Keep a Thin Skin
Leaders shouldn’t be “thick skinned” — not if that means shrugging off negative feedback that might actually be correct.
Leaders need to be emotionally resilient, unattached to outcomes, and assume positive intent.
Our tool here is “The Ladder of Inference.” We all have one — using it well allows us to deliberately choose how we’ll react to the world.
We don’t react to stimuli. We react to what we think/believe/feel the stimuli mean.
There’s a gap between the input and the response, which is filled with STORIES and BELIEFS about what certain stimuli mean. (Without a story or a belief, stimuli would have no meaning.)
The process of “reframing” is the process of offering up a new story, so a person can experience (interpret) the exact same stimuli in a new way.
Having a “thick skin” can mean — CAN mean — that you interpret the stimulus as negative, but you shrug it off, muting your emotions. (This is dangerous, as Brene Brown tells us in her TED talk on vulnerability.) And it leaves you unable to learn from accurate feedback that happens to be negative.
Better (in my opinion) is being able to quickly come up with THREE STORIES that all explain the experience equally well — with one of the stories being super-positive, one neutral, and one negative.
Example: I’m stuck behind a super-slow driver I cannot pass.
Negative story: This guy is a jerk.
Neutral story: This guy is unable or unwilling to drive at a normal speed, for reasons I don’t know.
Positive story: This guy somehow knows I need to practice my patience, and has taken time from his busy life to get in front of me and drive slower than he wants to, just to give me this opportunity to practice. What a cool guy. I owe him one.
With all three stories available to me, I may still pick the first one, but I’m choosing WITH AWARENESS.
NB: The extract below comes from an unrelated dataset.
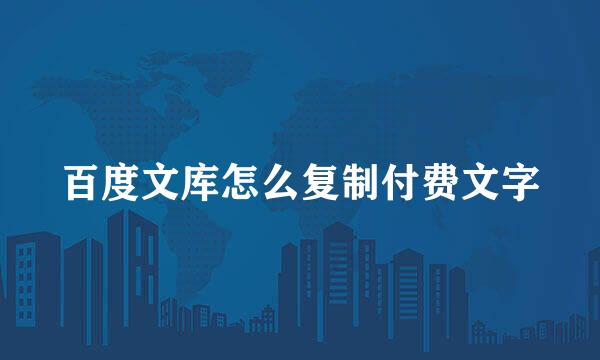 百度文库怎么复制付费文字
Another trick is to ask, “When did I ever do what he’s doing?”
Oh, yeah — once I had a casserole on the passenger seat, and no lid, so I drove like a total granny. Oh, and another time, my then-wife had a migraine. Oh, and the time I had the weird engine sound. Oh, and…
By this point you’re much more willing to give the other person some slack. No “thick skin” required.
MY RECOMMENDATION:
- Assume positive intentions from others.
- Invent three stories.
- Remember when you did the exact same thing.